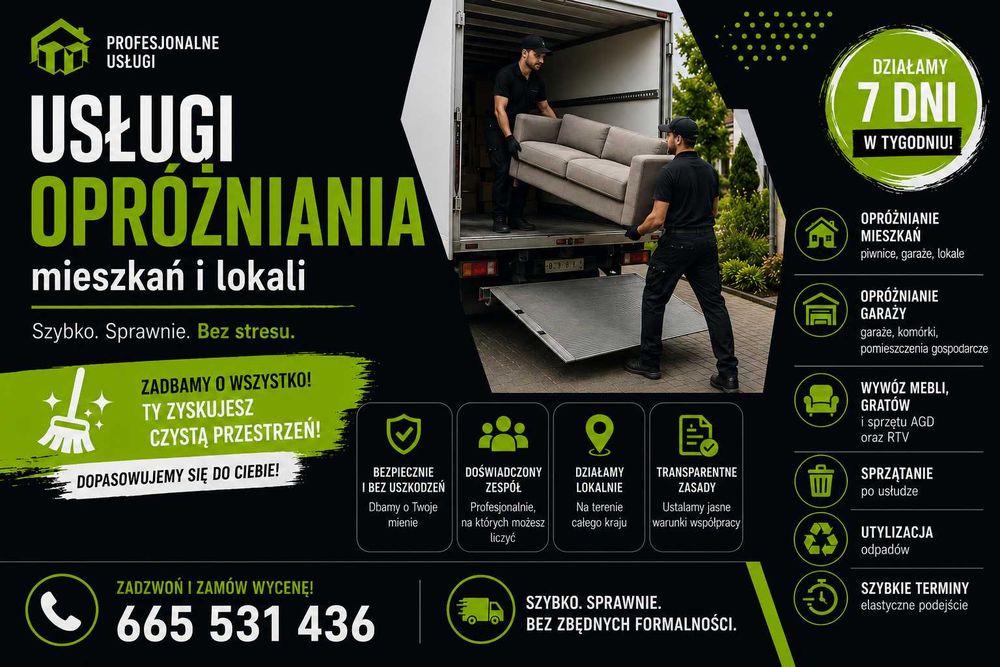 Opróżnianie mieszkań i garaży
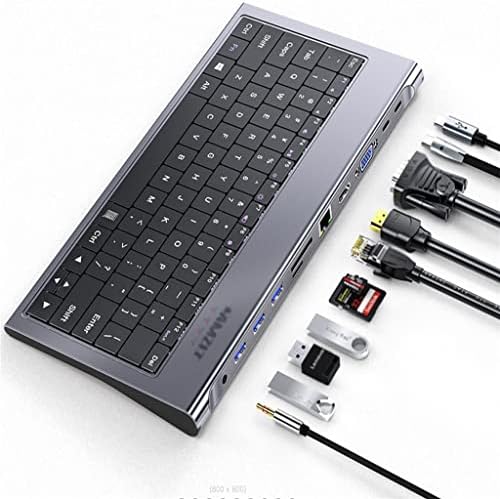 ZSEDP 11-во-1 мулти USB C Докинг станица со тастатура 100W PD, 4K, VGA, Ethernet, Reader Card, USB 3.0, AUX USB C центар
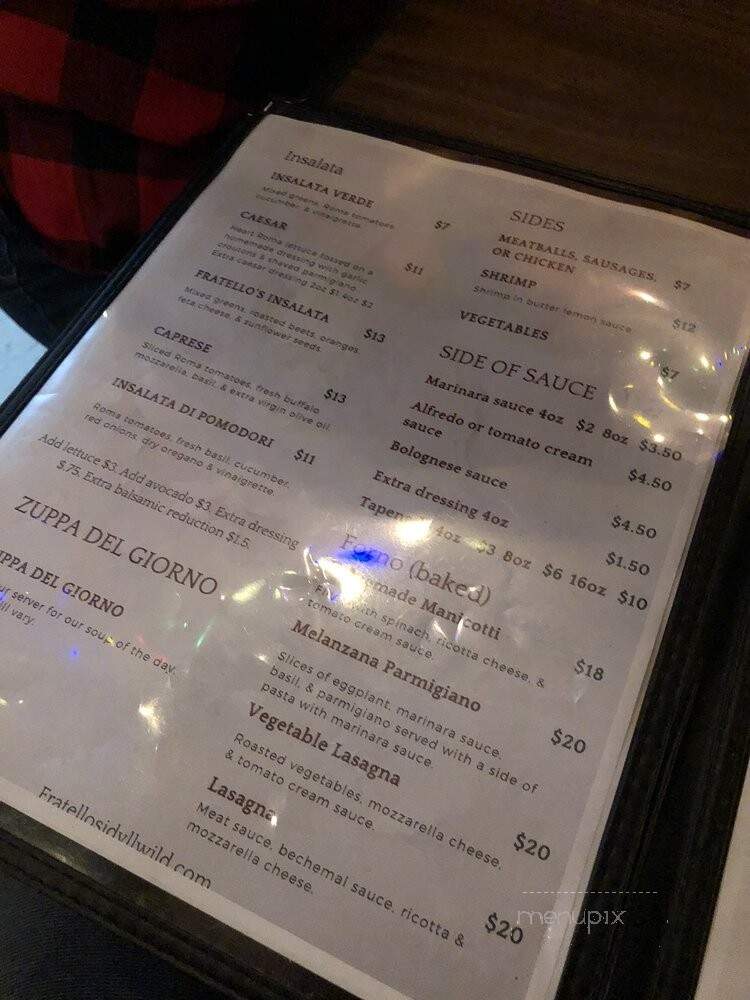 Fratello's Ristorante & Pizzeria - Idyllwild, CA menu_pic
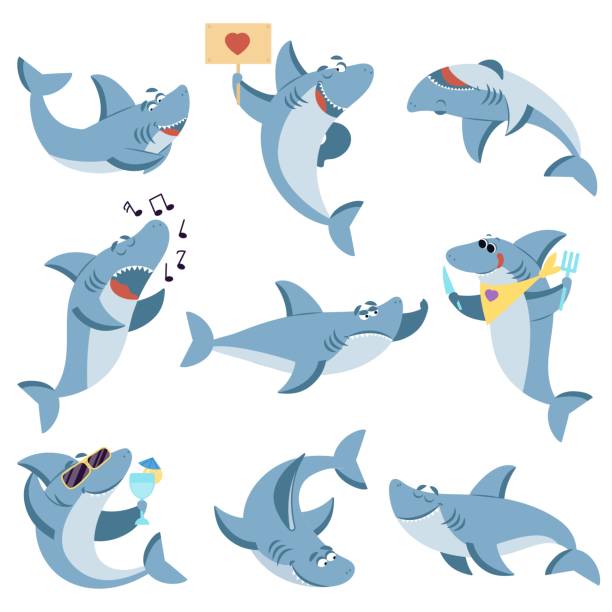 симпатичные акулы набор. океанская жизнь, изолированная акула страшна. подводный мультфильм монстра рыбы. забавное море дикое животное для - shark animal blue cartoon stock illustrations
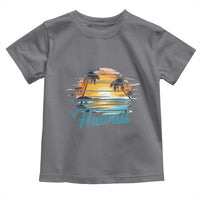 Retro Sunset Palm Tree Hawaii Toddler T Shirt Tropical Vacation Graphic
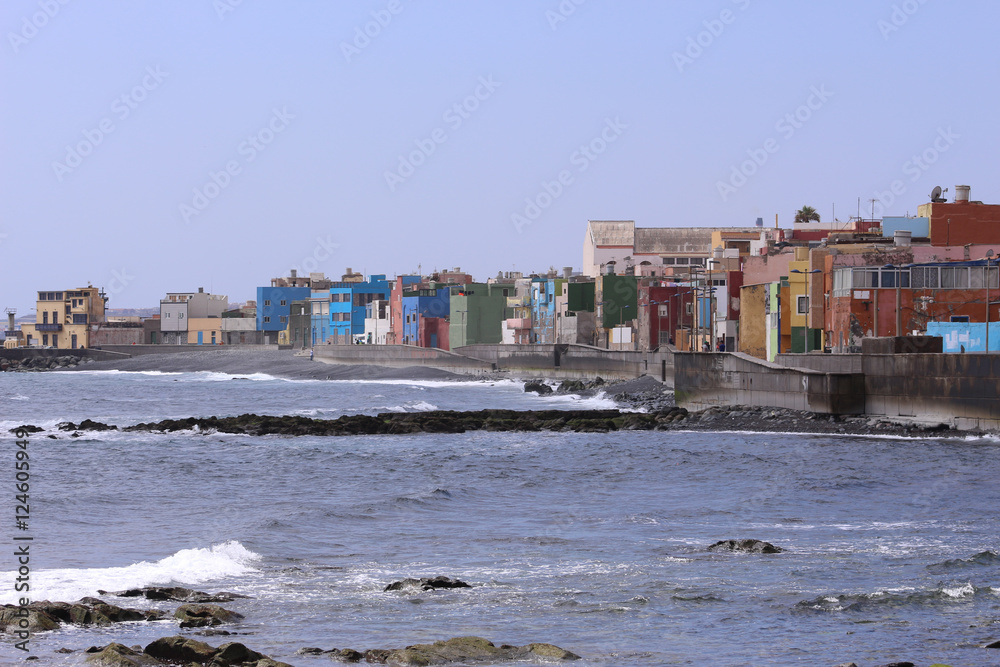 Panoramic view of Fishing district of San Cristobal, south of Las Palmas in Gran Canaria, Canary Islands
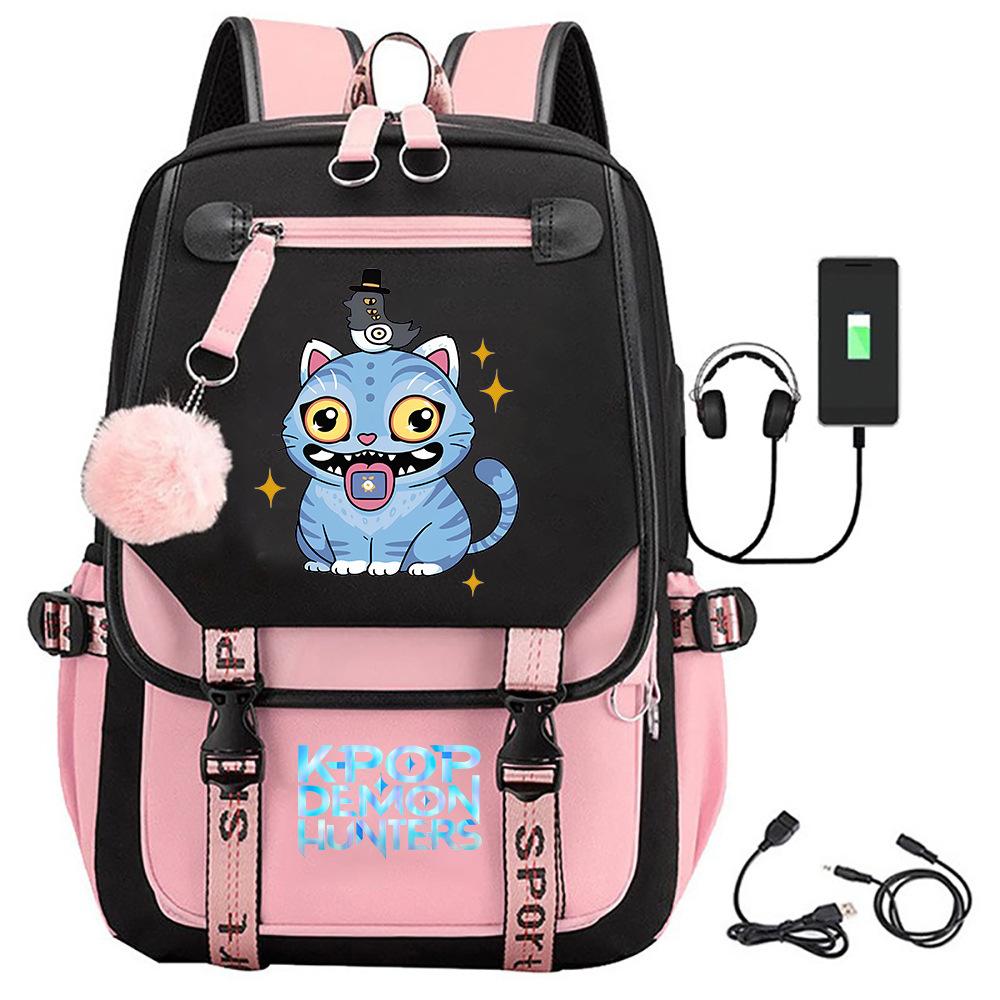 Witch Hunter Cartoon Printing Middle School High School Student School Bag Strap USB Multifunctional Backpack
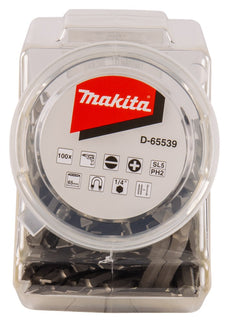 Makita Schroefbit Dubbel PH2-SL5 65mm in POT 100 stuks – D-65539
◆ ◆ ◆
## EXERCISE REQUIREMENTS
Your answer should hold only the lines from the line with "Witch Hunter Cartoon" through the closing line of the records, restated exactly and free of pictures.

## PROBLEM SOLUTION
 Witch Hunter Cartoon Printing Middle School High School Student School Bag Strap USB Multifunctional Backpack
 Makita Schroefbit Dubbel PH2-SL5 65mm in POT 100 stuks – D-65539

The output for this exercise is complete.